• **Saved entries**
Content starts

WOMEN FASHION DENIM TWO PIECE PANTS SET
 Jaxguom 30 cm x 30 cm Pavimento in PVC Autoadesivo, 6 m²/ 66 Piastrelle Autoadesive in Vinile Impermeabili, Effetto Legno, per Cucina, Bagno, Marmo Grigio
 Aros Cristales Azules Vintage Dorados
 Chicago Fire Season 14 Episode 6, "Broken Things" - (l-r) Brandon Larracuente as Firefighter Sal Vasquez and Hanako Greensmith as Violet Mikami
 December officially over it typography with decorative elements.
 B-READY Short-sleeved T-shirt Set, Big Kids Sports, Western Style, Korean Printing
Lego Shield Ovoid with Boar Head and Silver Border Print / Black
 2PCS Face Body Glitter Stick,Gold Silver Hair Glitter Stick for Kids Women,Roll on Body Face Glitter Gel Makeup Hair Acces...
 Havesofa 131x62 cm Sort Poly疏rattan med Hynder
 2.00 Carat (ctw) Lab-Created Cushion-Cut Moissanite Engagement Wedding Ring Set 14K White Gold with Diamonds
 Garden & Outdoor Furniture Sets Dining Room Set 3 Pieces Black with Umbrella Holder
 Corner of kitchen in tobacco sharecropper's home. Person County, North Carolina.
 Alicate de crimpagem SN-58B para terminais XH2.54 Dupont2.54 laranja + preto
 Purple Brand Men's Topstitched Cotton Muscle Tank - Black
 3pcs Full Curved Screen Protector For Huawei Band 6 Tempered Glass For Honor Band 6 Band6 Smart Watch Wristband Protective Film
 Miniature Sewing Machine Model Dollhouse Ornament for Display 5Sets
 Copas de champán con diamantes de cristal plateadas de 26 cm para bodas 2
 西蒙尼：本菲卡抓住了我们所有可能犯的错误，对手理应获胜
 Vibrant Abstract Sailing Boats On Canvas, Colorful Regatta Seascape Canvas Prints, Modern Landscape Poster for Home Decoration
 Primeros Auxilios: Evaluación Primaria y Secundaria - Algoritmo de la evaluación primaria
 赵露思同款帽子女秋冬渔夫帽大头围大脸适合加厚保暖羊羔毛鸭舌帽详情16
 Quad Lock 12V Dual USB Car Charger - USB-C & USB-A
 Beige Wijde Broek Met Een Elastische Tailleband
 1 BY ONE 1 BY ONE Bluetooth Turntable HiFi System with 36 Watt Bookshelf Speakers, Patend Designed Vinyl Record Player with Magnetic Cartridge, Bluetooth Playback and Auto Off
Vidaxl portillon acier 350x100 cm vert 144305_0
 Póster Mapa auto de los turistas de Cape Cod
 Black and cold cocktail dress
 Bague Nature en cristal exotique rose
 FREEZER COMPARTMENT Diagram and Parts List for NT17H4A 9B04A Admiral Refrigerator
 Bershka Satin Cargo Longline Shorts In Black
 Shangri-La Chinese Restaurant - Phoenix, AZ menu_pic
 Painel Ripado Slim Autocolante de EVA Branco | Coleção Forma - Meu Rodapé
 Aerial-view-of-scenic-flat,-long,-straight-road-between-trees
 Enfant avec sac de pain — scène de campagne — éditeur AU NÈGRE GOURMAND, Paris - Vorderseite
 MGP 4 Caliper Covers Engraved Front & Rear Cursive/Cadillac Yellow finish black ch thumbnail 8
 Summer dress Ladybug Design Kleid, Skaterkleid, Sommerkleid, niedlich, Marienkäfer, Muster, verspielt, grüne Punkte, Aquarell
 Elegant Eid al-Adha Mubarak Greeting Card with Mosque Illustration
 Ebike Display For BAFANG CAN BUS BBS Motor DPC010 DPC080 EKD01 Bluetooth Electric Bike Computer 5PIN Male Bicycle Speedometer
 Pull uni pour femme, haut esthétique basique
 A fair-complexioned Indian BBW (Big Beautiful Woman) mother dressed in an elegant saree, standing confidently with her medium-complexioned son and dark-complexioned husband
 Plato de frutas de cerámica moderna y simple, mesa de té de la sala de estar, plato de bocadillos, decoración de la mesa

Content ends

• **Activity**
Your answer should be a single number: how many lines in the data above include "Gold"?

• **Solution for this exercise**
2